2.1.2 MPEG dynamic adaptive HTTP streaming

HTTP by using the transmission control protocol(TCP) and Internet protocol (IP) plays an important role for delivery of video streaming [16]. HTTP streaming offers the facility of reusing the existing Internet infrastructure as well as better scalability and cost effectiveness to the service provider. Packet losses are prevented by using TCP’s packet re-transmission property in HTTP streaming. Earlier approaches used by HTTP streaming was progressive download, which allows end-users to play out online video contents [1]. Nonetheless, this did not maintain the real aspect of streaming, like quality of video and resolution in dynamic network conditions, because abrupt changes in network conditions may cause users to experience network freeze and interruption.

To overcome the limitations of progressive download, adaptive streaming has been proposed by streaming providers to use the available network resources efficiently and provide high-quality video viewing experience. Highest video quality is guaranteed in adaptive streaming system without long buffering [29].

To reduce the overall transmission delay, HTTP streaming provides a facility to end-users to request different video segment content [35] and adapts to the best video quality based on viewer experiences on dynamic network conditions [29]. Several adaptive streaming techniques have been developed; most of them provide the best video play back quality and minimize start-up delay [29]. MPEG-DASH is one of the adaptive streaming techniques, in which each video is encoded and compressed into a variety of video bitrates corresponding to different resolutions and qualities. Most suitable bitrate [7] or video quality [52] is selected to play according to the bandwidth available or client’s hardware specifications. These compressed versions represent the video being fragmented into several segments and then stored in common web servers of organization. After that, it generates the XML-based file call media representation description (MPD).

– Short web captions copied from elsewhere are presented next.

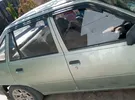 أوبل ‏كاديت ‏1990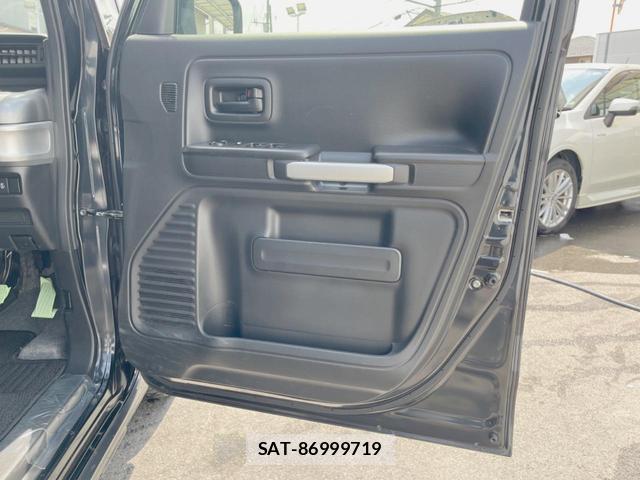 Suzuki SPACIA 2019-12 8218471-18
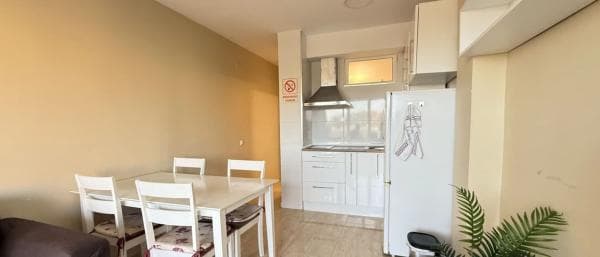 Venta de piso en Urbanizaciones, Guardamar del Segura
thumbnail 1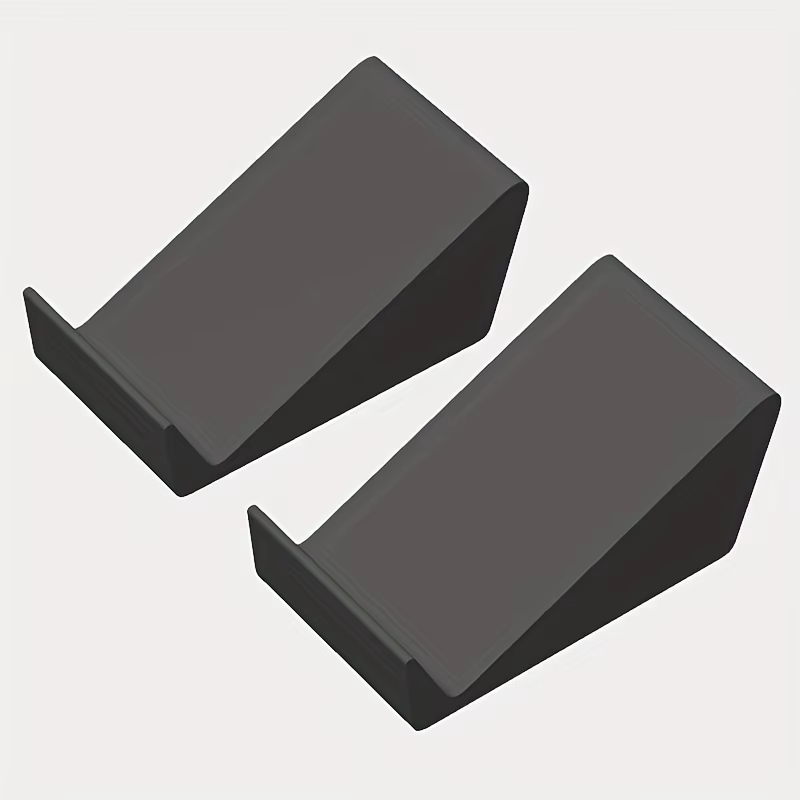 Base de support de barre de son réglable universelle, multi-marque, Compatible avec les haut-parleurs Audio TV, le cinéma maison et la configuration de bureau
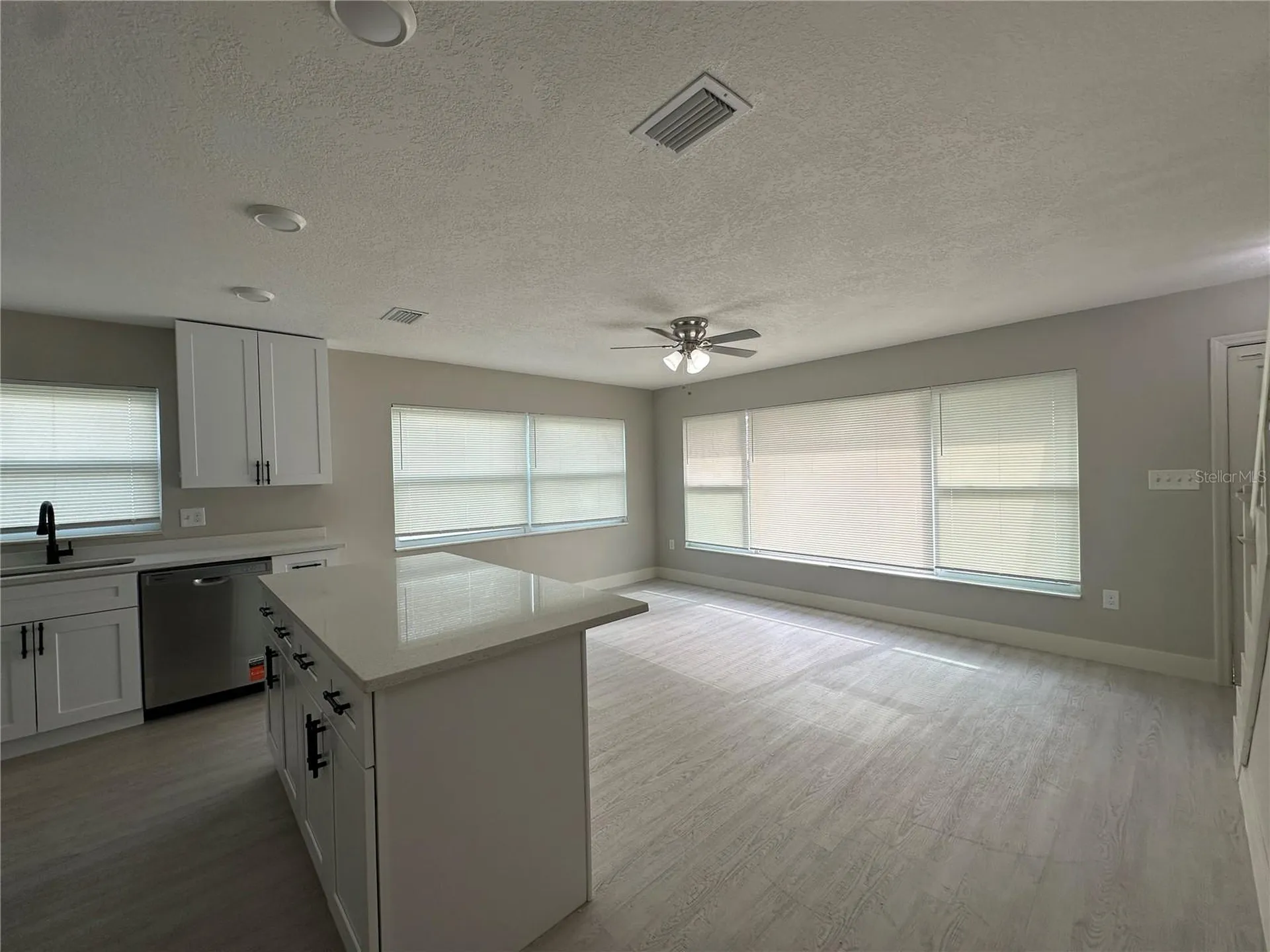 2807 Wyndham Lane Orlando FL 32808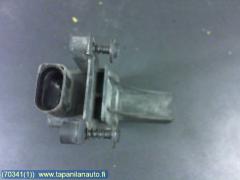 Kuva 1: Anturi muut, Audi a6 s6 4f 05-11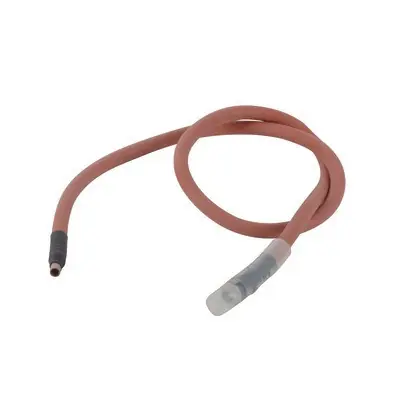 Vente Flash Câble allumage l600- CUENOD - 13015271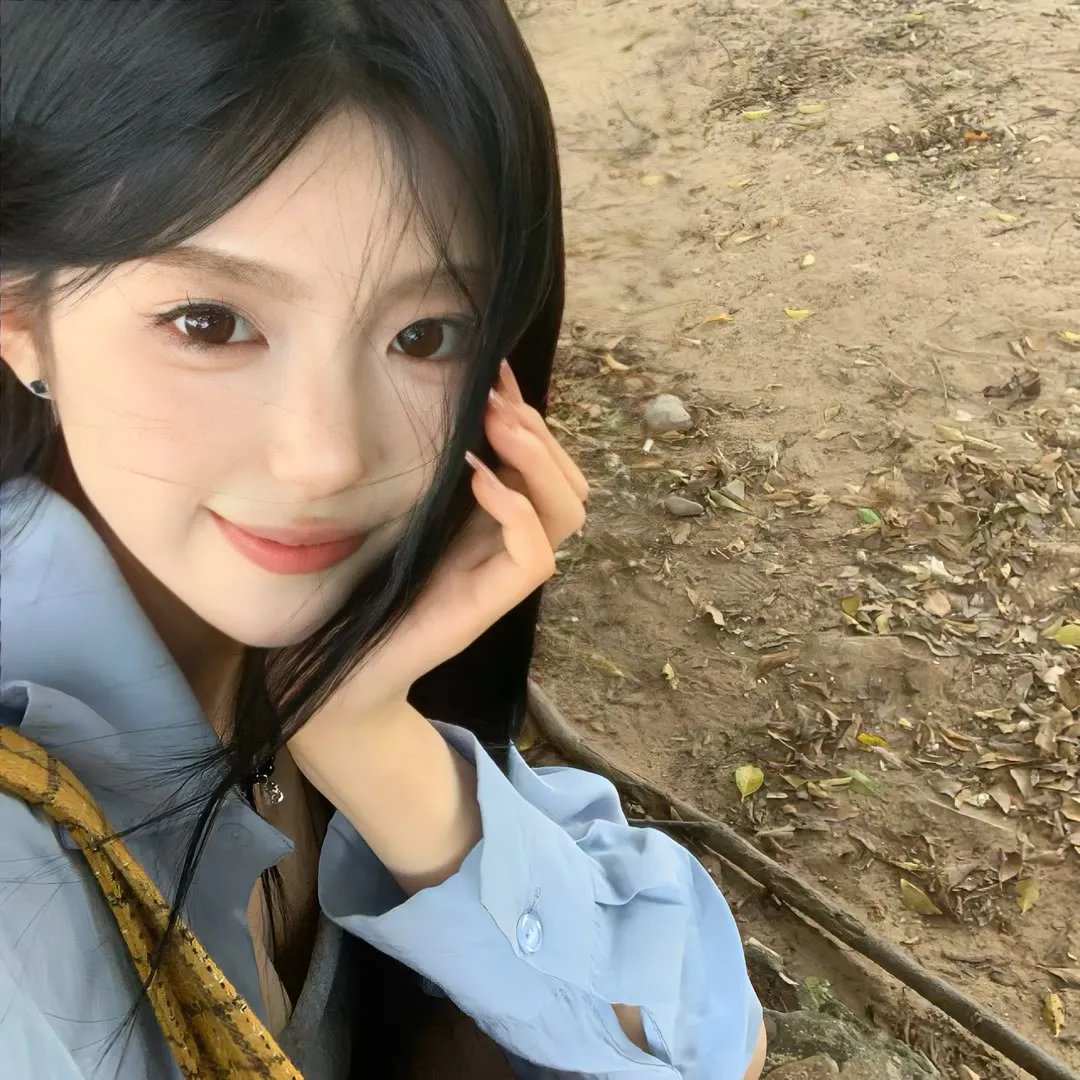 背起爸爸上学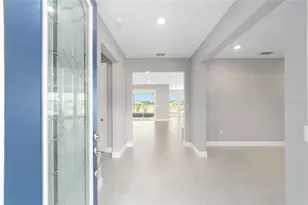 10358 S W 105th Ct, Ocala, FL 34481 - Photo 8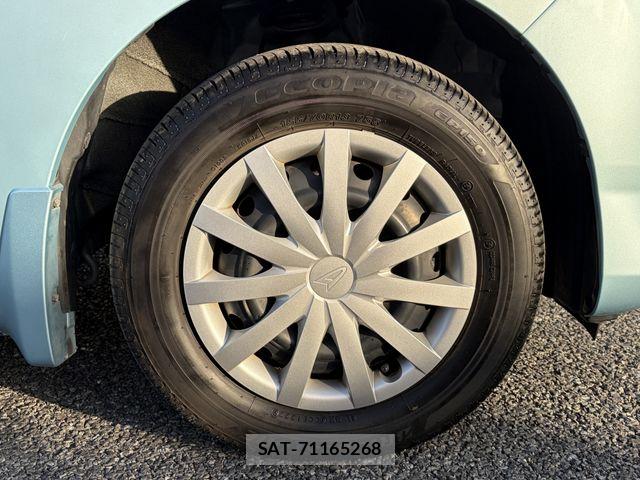 Daihatsu MIRA ES 2022-05 7059650-28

The server then sends the MPD to client to determine the available representations and corresponding URLs. DASH client can individually start to play the video by asking MPD file using HTTP GET request, since DASH is a pull-based method. After receiving the MPD file, the client intially parses it, then sends request for fetching and downloading the suitable segment based on the condition of network, available bandwidth, and buffering.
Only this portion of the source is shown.